A team from the International Atomic Energy Agency (IAEA) will visit the sites near Natanz and Arak, in central Iran, in February 2003, a spokesman for the watchdog told Reuters news agency.

We don't have any hidden atomic activities

Iranian Government
The IAEA said it would not be able to determine the purpose of the facilities until they had been inspected.

Earlier, Iran denied US accusations that it might be pursuing a secret nuclear weapons programme.

"We don't have any hidden atomic activities. All our nuclear activities are for non-military fields," a government spokesman told reporters.

Satellite photographs

United States officials said on Friday that two sites had been spotted in commercial satellite photographs taken in September.

Bushehr plant
Iran's Bushehr plant will go on line next year

Both facilities are of a type that could be used to help build a nuclear weapon, the officials said.

An unnamed source at the IAEA told the Associated Press news agency that it had asked to visit the facilities because it was "concerned" about their use.

The IAEA was originally due to visit Tehran this month, but it was postponed at Iran's request, an agency spokeswoman said.

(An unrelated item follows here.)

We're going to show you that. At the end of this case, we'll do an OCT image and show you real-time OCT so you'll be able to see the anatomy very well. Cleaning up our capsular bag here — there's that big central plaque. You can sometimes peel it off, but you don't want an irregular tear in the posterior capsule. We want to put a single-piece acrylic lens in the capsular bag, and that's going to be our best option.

Iranian media reported on Thursday that Iran was exploring the feasibility of building a second nuclear power plant.

A nuclear power plant is already being built, with the help of Russian technicians, at the port of Bushehr, and is scheduled to begin operating in 2004.

Rebel revelations

In September, Iran informed the IAEA it was engaged in a 20-year programme to build new facilities to recycle nuclear fuel.

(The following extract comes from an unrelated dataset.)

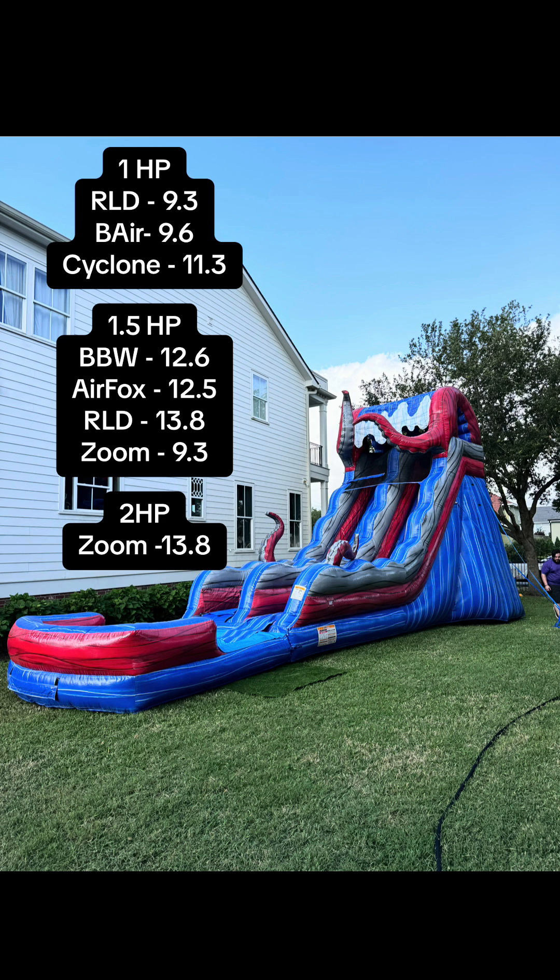Here's the results. This just shows the amp draw — usually the more amps the stronger it is, but you also don't want to trip the breaker, so just be cautious.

Map of Iran showing Tehran, Arak, Natanz and Bushehr

IAEA spokesman Mark Gwozdecky said Iran did not specify the purpose of the two sites in question.

The whereabouts of the two facilities were first revealed by a Paris-based Iranian rebel group, the National Council of Resistance of Iran.

The US says it is concerned that Iran intends to develop weapons-grade plutonium there.

American intelligence officials argue that this is the only reason why an oil rich state like Iran would need a nuclear power plant.

Earlier this year, the director of the Central Intelligence Agency (CIA), George Tenet, said America was concerned that countries like Iran may make "sudden leaps" in their nuclear programmes.

The US Government considers Iran a supporter of terrorism and dubbed it part of an "axis of evil" alongside Iraq and North Korea.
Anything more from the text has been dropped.